Scientists are currently assessing remdesivir in clinical trials in the United States and China. Time will tell if remdesivir is effective for COVID-19 patients. But doctors are already considering how the drug is best administered for optimal results and whether it should be used in combination with other drugs or as a single agent.

Read more: COVID-19 treatment might already exist in old drugs we're using pieces of the coronavirus itself to find them

Many RNA viruses produce a single multi-protein thats later broken down into individual proteins via enzymes called proteases. Any molecules that inhibit these proteases have potential as antiviral drugs. Viral protease inhibitor drugs have been highly effective in treating the human immunodeficiency virus (HIV) and hepatitis C virus.

Lopinavir and ritonavir are a combination protease-inhibitor drug (Kaletra) that can inhibit coronaviruses in human cells. Kaletra has already been used to treat a patient with COVID-19 in South Korea, but a larger trial found its effects were unconvincing. The reasons for these discrepancies are currently unclear and more research is obviously needed.

With any antiviral drug, the sooner its administered once a patient is infected, the better the outcome. This is because viruses replicate quickly, producing tens to hundreds of new infectious viruses.

In respiratory infections caused by influenza or SARS-CoV-2 viruses, clinically serious infection involves whats called a cytokine storm. Here, a strong immune response results in the production of high levels of inflammatory mediators: cytokines and chemokines.

These molecules recruit inflammatory cells to the site of the virus infection, for example, the lungs of patients with COVID-19. These cytokines and cells then fight the virus infection, but their presence also partly obstructs the air sacs where oxygen exchange occurs.

Researchers are now considering add-on therapies that partly limit the inflammatory response by blocking the effects of certain cytokines and chemokines. These add-on therapies include antibody-based drugs, such as tocilizumab that blocks the interleukin-6 cytokine receptor or leronlimab that blocks the chemokine receptor CCR5. When cytokine receptors and chemokine receptors are blocked then it matters less that there are high levels of cytokines or chemokines, because their effects are significantly minimised.

The good news is antibody-based drugs have minimal side effects, and have proved effective for many human chronic inflammatory diseases. Expanding these drugs for use in COVID-19 patients is therefore an attractive possibility. Although this would require caution for careful dosing, and these drugs would need to be co-administered together with an antiviral drug.

Chloroquine, a well-known anti-malarial drug, has also gained attention. One study tested it together with a broad-spectrum antibiotic azithromycin. While some COVID-19 patients in this small study recovered, other patients died (despite chloroquine treatment), and some patients ceased treatment for a variety of reasons including the severity of their symptoms.

Nevertheless, people are interested in how chloroquine and azithromycin might work for coronavirus.
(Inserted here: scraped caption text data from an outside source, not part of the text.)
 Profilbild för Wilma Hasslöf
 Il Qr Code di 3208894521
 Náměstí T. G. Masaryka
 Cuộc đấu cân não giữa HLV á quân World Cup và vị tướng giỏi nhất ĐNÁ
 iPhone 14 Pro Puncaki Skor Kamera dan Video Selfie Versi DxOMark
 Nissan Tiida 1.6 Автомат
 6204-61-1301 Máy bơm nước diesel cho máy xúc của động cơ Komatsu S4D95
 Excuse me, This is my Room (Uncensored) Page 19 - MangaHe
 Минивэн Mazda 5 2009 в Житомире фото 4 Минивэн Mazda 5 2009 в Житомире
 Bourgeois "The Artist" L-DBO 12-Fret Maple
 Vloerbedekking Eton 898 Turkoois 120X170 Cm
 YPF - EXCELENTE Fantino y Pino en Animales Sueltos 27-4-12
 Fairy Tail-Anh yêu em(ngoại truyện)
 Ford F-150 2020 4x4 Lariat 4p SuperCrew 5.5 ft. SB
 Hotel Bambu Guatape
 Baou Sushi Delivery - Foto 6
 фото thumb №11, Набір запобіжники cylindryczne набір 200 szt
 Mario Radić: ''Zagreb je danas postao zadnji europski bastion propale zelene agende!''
Chloroquine exhibits antiviral activity and is currently used to treat autoimmune diseases because it also has anti-inflammatory properties. Azithromycin is an antibiotic used to treat bacterial infections, but it, too, exhibits antiviral activity, including against rhinovirus that causes the common cold. Chloroquine might need to be given early after infection to be most effective against coronavirus.

Read more: Could chloroquine treat coronavirus? 5 questions answered about a promising, problematic and unproven use for an antimalarial drug

The World Health Organisation has announced a global clinical trial program testing possible COVID-19 treatments, including remdesivir, lopinavir/ritonavir, chloroquine, and certain antiviral cytokines.

The escalating number of coronavirus patients worldwide means alongside vaccine development, the focus must remain squarely on finding effective antiviral drugs that can treat those already seriously ill from SARS-CoV-2 infection.